• INFORMATION SUPPLIED:
-=-=-=-=-
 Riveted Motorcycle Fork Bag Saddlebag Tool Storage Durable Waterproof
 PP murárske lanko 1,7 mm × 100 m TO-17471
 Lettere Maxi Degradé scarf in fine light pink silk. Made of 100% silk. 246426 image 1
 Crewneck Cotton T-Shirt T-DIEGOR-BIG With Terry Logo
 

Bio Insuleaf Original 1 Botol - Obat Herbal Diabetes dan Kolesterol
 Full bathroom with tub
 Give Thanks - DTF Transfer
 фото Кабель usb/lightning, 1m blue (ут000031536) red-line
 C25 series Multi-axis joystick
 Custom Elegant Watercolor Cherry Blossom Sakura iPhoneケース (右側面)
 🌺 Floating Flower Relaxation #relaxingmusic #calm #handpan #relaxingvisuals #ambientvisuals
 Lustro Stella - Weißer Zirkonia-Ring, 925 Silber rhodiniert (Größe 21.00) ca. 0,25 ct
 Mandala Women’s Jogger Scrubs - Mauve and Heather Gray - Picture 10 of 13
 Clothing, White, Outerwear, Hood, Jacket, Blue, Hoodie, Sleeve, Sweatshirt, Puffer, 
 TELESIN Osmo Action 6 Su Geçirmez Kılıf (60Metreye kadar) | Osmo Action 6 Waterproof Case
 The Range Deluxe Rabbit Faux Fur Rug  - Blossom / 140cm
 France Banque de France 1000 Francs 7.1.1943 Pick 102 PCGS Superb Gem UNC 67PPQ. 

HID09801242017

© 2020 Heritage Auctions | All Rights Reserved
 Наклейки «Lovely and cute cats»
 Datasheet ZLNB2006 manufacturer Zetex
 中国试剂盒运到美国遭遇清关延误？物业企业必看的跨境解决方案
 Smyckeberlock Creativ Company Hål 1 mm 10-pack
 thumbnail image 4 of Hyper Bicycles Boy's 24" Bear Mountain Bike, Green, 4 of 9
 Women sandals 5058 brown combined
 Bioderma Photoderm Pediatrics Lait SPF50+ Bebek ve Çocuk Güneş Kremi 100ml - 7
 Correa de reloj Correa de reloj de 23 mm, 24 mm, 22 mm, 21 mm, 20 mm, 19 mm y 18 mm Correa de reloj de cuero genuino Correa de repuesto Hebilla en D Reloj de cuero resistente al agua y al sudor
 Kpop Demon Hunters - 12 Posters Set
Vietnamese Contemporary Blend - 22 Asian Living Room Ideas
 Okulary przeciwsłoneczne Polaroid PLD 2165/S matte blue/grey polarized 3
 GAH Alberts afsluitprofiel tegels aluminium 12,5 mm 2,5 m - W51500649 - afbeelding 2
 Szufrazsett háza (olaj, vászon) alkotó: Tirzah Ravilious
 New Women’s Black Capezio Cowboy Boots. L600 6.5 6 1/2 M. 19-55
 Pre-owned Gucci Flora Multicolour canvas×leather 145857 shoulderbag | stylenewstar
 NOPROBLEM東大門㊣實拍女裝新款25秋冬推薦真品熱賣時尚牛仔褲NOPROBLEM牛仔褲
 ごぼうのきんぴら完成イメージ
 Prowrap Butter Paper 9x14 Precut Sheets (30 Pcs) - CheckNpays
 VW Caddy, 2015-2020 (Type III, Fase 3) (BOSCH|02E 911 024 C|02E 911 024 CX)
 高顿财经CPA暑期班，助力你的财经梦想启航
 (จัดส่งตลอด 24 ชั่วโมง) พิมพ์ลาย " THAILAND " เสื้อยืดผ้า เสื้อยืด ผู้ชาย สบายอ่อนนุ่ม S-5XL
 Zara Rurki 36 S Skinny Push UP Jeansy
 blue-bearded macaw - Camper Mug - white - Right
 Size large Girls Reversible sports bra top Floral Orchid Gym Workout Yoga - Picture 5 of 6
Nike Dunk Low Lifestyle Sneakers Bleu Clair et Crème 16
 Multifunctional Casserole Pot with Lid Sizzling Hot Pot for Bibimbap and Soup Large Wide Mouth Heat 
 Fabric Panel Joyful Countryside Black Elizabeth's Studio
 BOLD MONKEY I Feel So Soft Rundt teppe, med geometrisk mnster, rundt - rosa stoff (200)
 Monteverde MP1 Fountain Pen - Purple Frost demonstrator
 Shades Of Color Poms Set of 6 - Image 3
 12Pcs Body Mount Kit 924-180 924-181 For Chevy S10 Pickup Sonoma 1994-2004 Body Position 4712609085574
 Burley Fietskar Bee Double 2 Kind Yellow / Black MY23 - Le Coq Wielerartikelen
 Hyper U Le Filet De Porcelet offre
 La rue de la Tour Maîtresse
-=-=-=-=-
• ACTIVITY: Among the entries above, locate the lines containing "All Rights Reserved" and "BOLD MONKEY I", and transcribe exactly those two lines and all lines between.

• COMPLETED EXERCISE:
© 2020 Heritage Auctions | All Rights Reserved
 Наклейки «Lovely and cute cats»
 Datasheet ZLNB2006 manufacturer Zetex
 中国试剂盒运到美国遭遇清关延误？物业企业必看的跨境解决方案
 Smyckeberlock Creativ Company Hål 1 mm 10-pack
 thumbnail image 4 of Hyper Bicycles Boy's 24" Bear Mountain Bike, Green, 4 of 9
 Women sandals 5058 brown combined
 Bioderma Photoderm Pediatrics Lait SPF50+ Bebek ve Çocuk Güneş Kremi 100ml - 7
 Correa de reloj Correa de reloj de 23 mm, 24 mm, 22 mm, 21 mm, 20 mm, 19 mm y 18 mm Correa de reloj de cuero genuino Correa de repuesto Hebilla en D Reloj de cuero resistente al agua y al sudor
 Kpop Demon Hunters - 12 Posters Set
Vietnamese Contemporary Blend - 22 Asian Living Room Ideas
 Okulary przeciwsłoneczne Polaroid PLD 2165/S matte blue/grey polarized 3
 GAH Alberts afsluitprofiel tegels aluminium 12,5 mm 2,5 m - W51500649 - afbeelding 2
 Szufrazsett háza (olaj, vászon) alkotó: Tirzah Ravilious
 New Women’s Black Capezio Cowboy Boots. L600 6.5 6 1/2 M. 19-55
 Pre-owned Gucci Flora Multicolour canvas×leather 145857 shoulderbag | stylenewstar
 NOPROBLEM東大門㊣實拍女裝新款25秋冬推薦真品熱賣時尚牛仔褲NOPROBLEM牛仔褲
 ごぼうのきんぴら完成イメージ
 Prowrap Butter Paper 9x14 Precut Sheets (30 Pcs) - CheckNpays
 VW Caddy, 2015-2020 (Type III, Fase 3) (BOSCH|02E 911 024 C|02E 911 024 CX)
 高顿财经CPA暑期班，助力你的财经梦想启航
 (จัดส่งตลอด 24 ชั่วโมง) พิมพ์ลาย " THAILAND " เสื้อยืดผ้า เสื้อยืด ผู้ชาย สบายอ่อนนุ่ม S-5XL
 Zara Rurki 36 S Skinny Push UP Jeansy
 blue-bearded macaw - Camper Mug - white - Right
 Size large Girls Reversible sports bra top Floral Orchid Gym Workout Yoga - Picture 5 of 6
Nike Dunk Low Lifestyle Sneakers Bleu Clair et Crème 16
 Multifunctional Casserole Pot with Lid Sizzling Hot Pot for Bibimbap and Soup Large Wide Mouth Heat 
 Fabric Panel Joyful Countryside Black Elizabeth's Studio
 BOLD MONKEY I Feel So Soft Rundt teppe, med geometrisk mnster, rundt - rosa stoff (200)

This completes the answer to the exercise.